Overall, the pen cost me a grand total of $335 after tax. While yes, I'm aware that online, it can be had for much less, I wanted to support my local pen store and also have a place where I could easily get service, if needed. For the price, I certainly feel that it was very worthwhile. The pen certain feels like it was fully worth the value, and writes like a pen of this price range should - smoothly and reliably. I'll be adding a writing sample later, but these are my first impressions of the one pen I've wanted for this year.



And now, here's some more comparison photos, next to some well known pens.

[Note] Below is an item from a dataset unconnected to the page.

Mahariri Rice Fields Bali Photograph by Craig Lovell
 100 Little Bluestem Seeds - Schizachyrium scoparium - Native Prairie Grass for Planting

All torpedo tubes loaded, sir...

https://dl.dropboxusercontent.com/u/32508821/IMG_20140610_161124.jpg



Torpedoes armed!

https://dl.dropboxusercontent.com/u/32508821/IMG_20140610_161435%20(1).jpg



Torpedoes away!


https://dl.dropboxusercontent.com/u/32508821/IMG_20140610_161511.jpg


And of course, a writing sample. Still need to get a better camera and setup for this part, but, it'll do.

Paper is Rhodia grid/graph paper.

https://dl.dropboxusercontent.com/u/32508821/_20140612_145133.JPG


Transcript of small sample:



As the demon sleeps, man turns upon man
His own blood and madness soon cover the earth
From the depths of despair awaken the Razgriz
Its wings ablaze in majestic light

earthdawn
June 12th, 2014, 11:17 PM
Excellent detailed review.

Super pictures.

Thanks for taking the time to write it up and share with us. :thumb:

amk
June 13th, 2014, 11:24 AM
I passed up the chance to get a Dialog as I found the clip was a bit annoying while I was writing; I may have a different hold from you, then again, if I'd persevered I might have found it less annoying in time. What certainly was an attraction was the nib - Lamy seems to get those gold nibs just right, nicely soft and smooth, despite their unassuming looks, but I have mine fitted to Lamy Accents not a Dialog.

BTW Is that a lime green Parker 51 lurking in the torpedo tubes? Wow! Where did that come from?

AndrewW
June 13th, 2014, 02:03 PM
I passed up the chance to get a Dialog as I found the clip was a bit annoying while I was writing; I may have a different hold from you, then again, if I'd persevered I might have found it less annoying in time. What certainly was an attraction was the nib - Lamy seems to get those gold nibs just right, nicely soft and smooth, despite their unassuming looks, but I have mine fitted to Lamy Accents not a Dialog.

BTW Is that a lime green Parker 51 lurking in the torpedo tubes? Wow! Where did that come from?

I have to admit, it's kind of true with these retractable fountain pens - the clip can either make or break your experience. In my experience with the VP line, I found the clip a touch too obtrusive, and the general style rather lacking in...style. Something about the style of the VP, excepting the Fermo and any Raden versions, reminds me too much of a run-of-the-mill ballpoint.
That said, about the D3 nib, it's exactly what I've found, with these Lamy 14k nibs. A soft, smooth writing experience that makes even mundane jottings a joy.

Regarding the 51, yup, it's a very green 51. Specifically, it's a fantasy pen made with some leftover 51 Special internals I had, a nearly ruined-then-repaired medium-broad 51 nib, and a fantasy green hood/barrel set.

amk
June 14th, 2014, 03:46 AM
Sounds like your fantasy 51 has a story just as interesting as its colour suggests!